### Activity
Retype, without pictures, the line holding "USPA RED TSHIRT" and each line below it through the final line.

(Collected data)
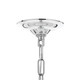 Cedar Eight Light Chandelier (5938-CH-CL-S)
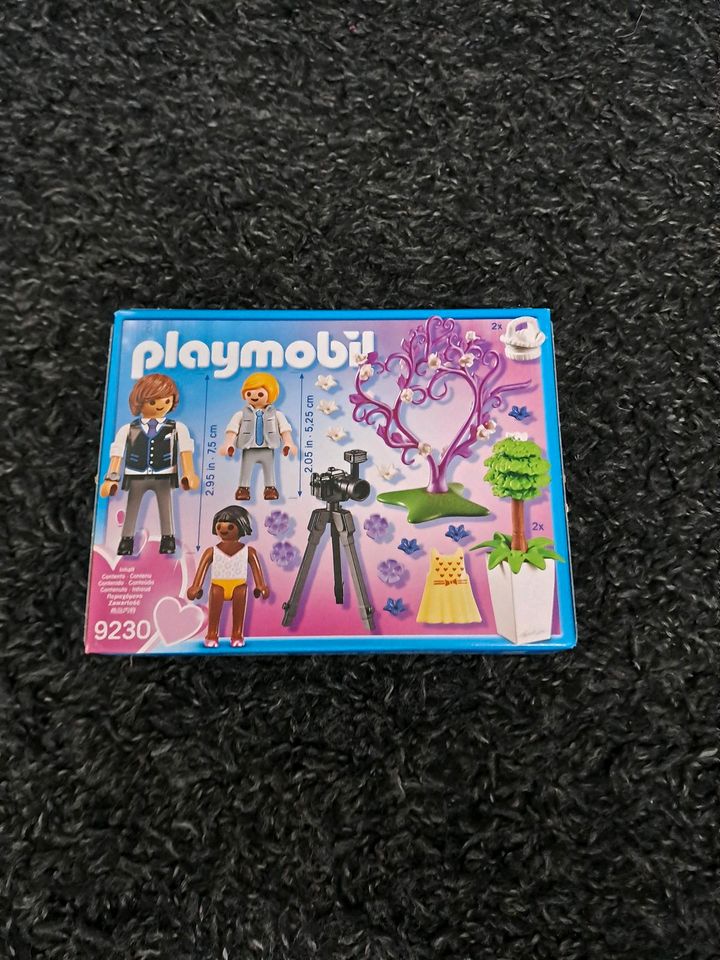 PLAYMOBIL 9230 Fotograf mit Blumenkindern ungeöffnet NEU in Berg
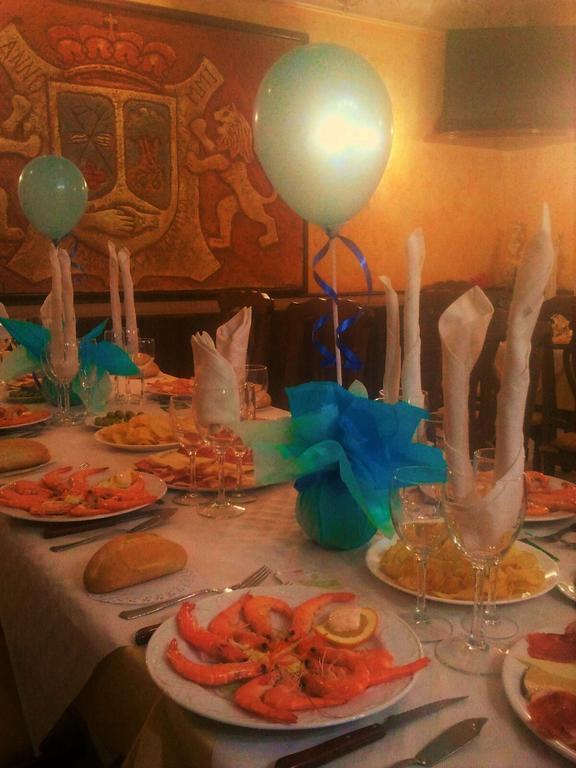 Hostal Al-Andalus La Guijarrosa Bagian luar foto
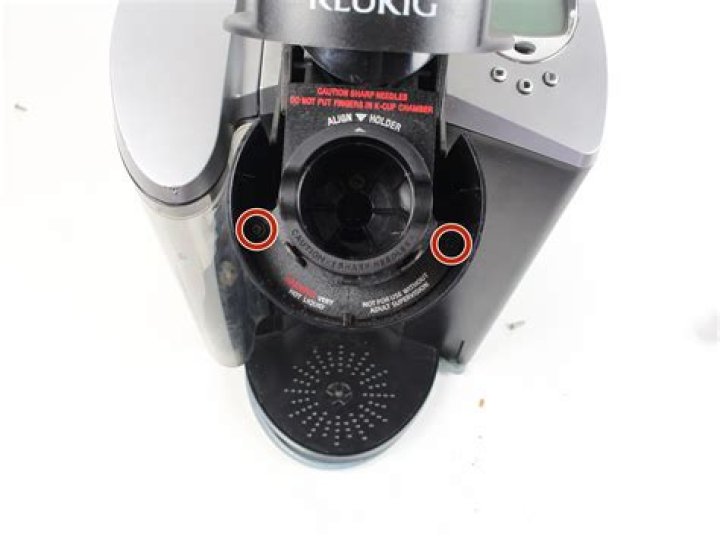 needle maintenance keurig 2.0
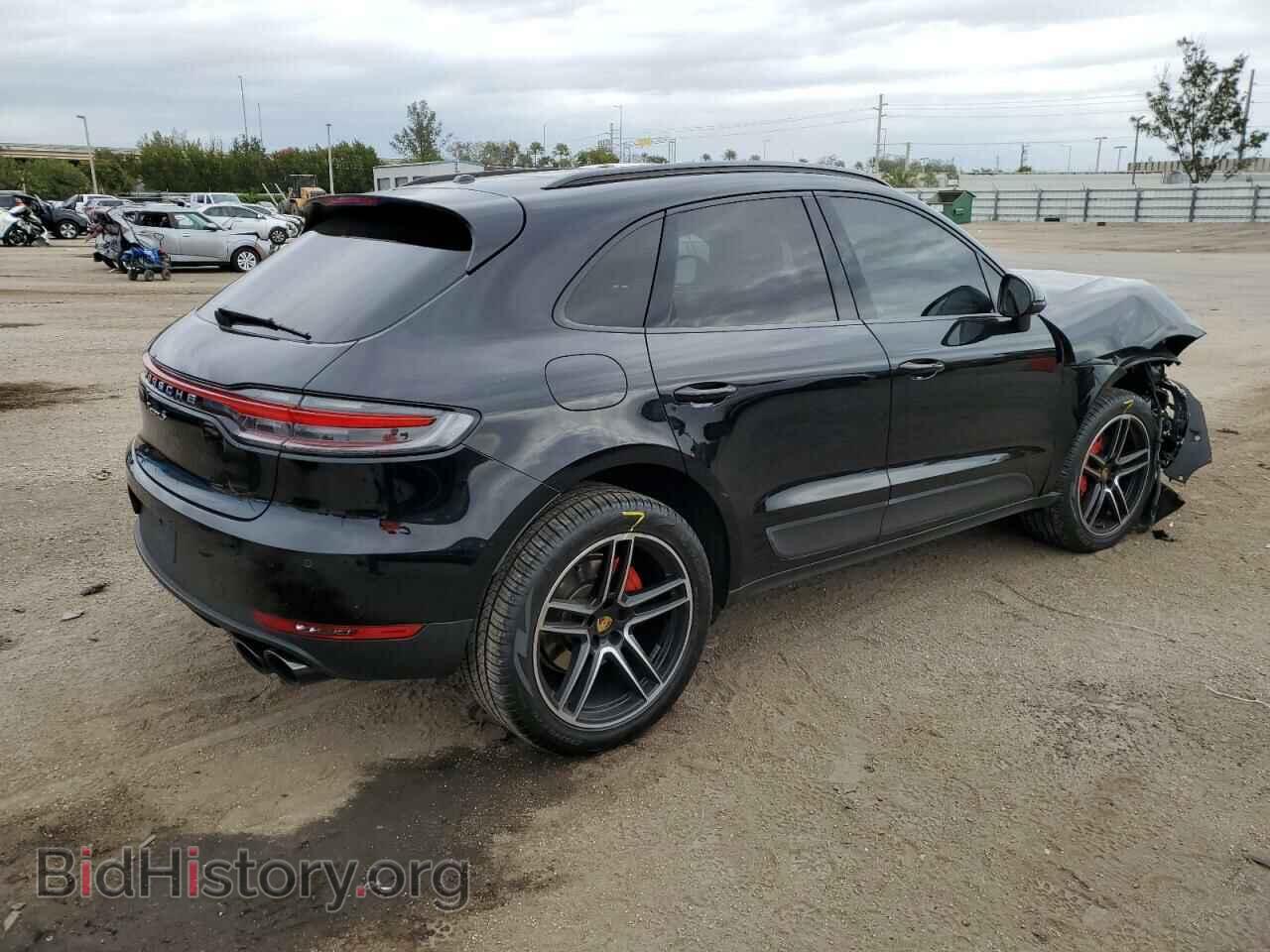 2021 PORSCHE MACAN - VIN: WP1AB2A5XMLB34022 - Фото 3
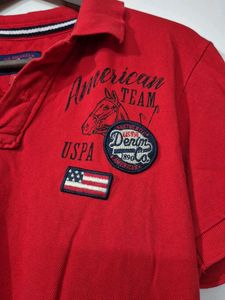 USPA RED TSHIRT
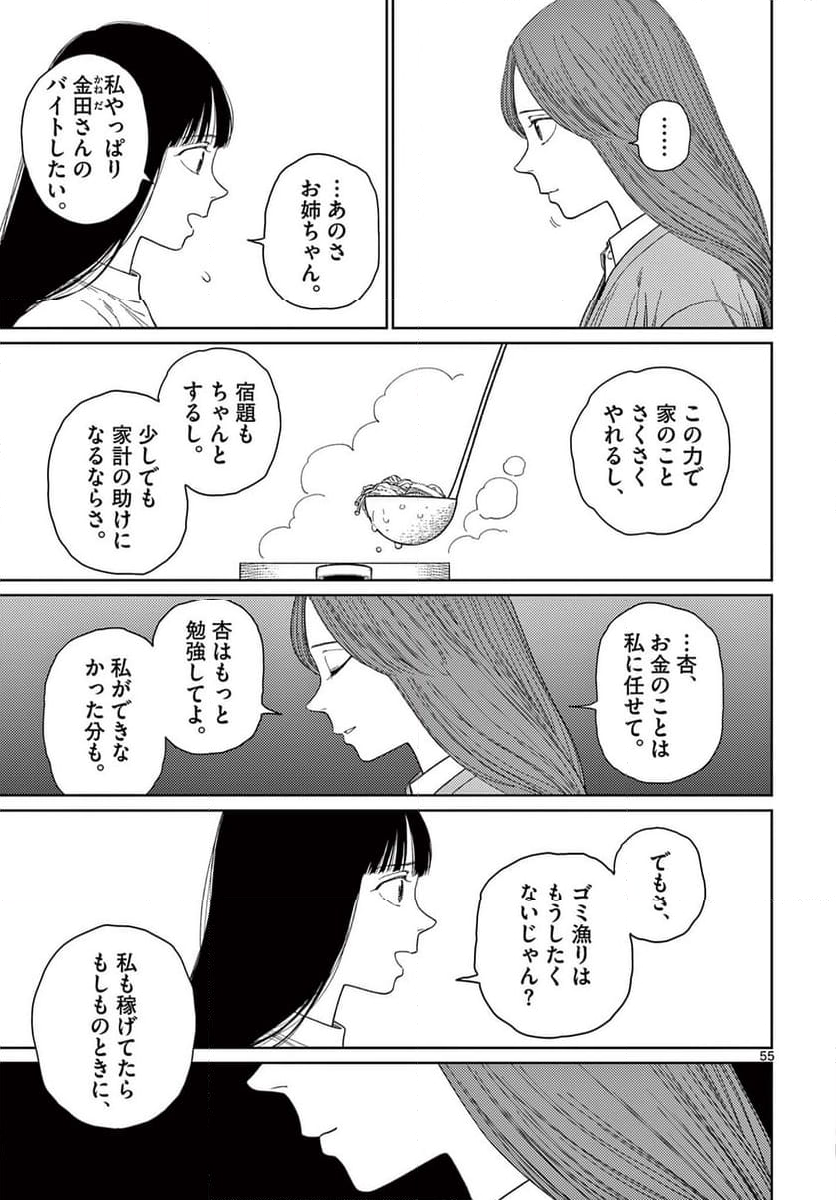 アンダーク 新しい透明な力のすべて - 第1話 - Page 55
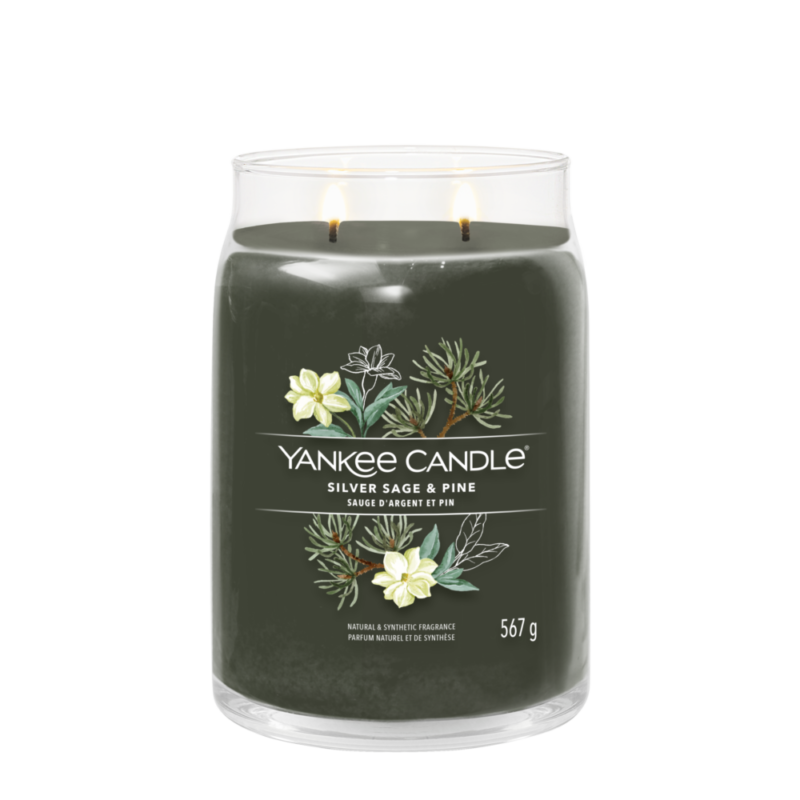 Silver Sage & Pine - Signature Large Jar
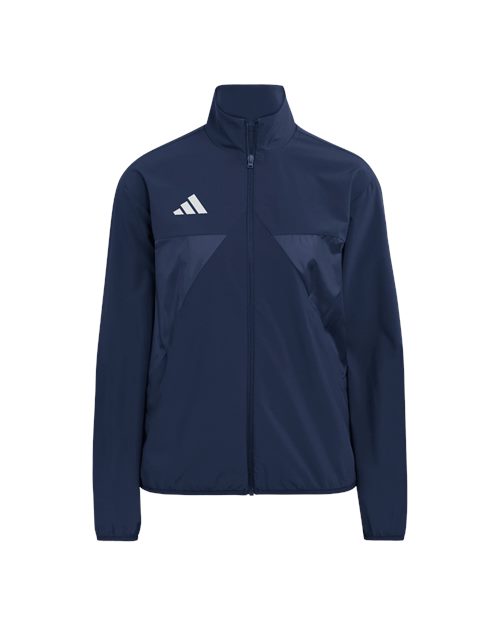 Adidas Women's TIRO Woven Full-Zip Track Jacket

### Output
 USPA RED TSHIRT
 アンダーク 新しい透明な力のすべて - 第1話 - Page 55
 Silver Sage & Pine - Signature Large Jar
 Adidas Women's TIRO Woven Full-Zip Track Jacket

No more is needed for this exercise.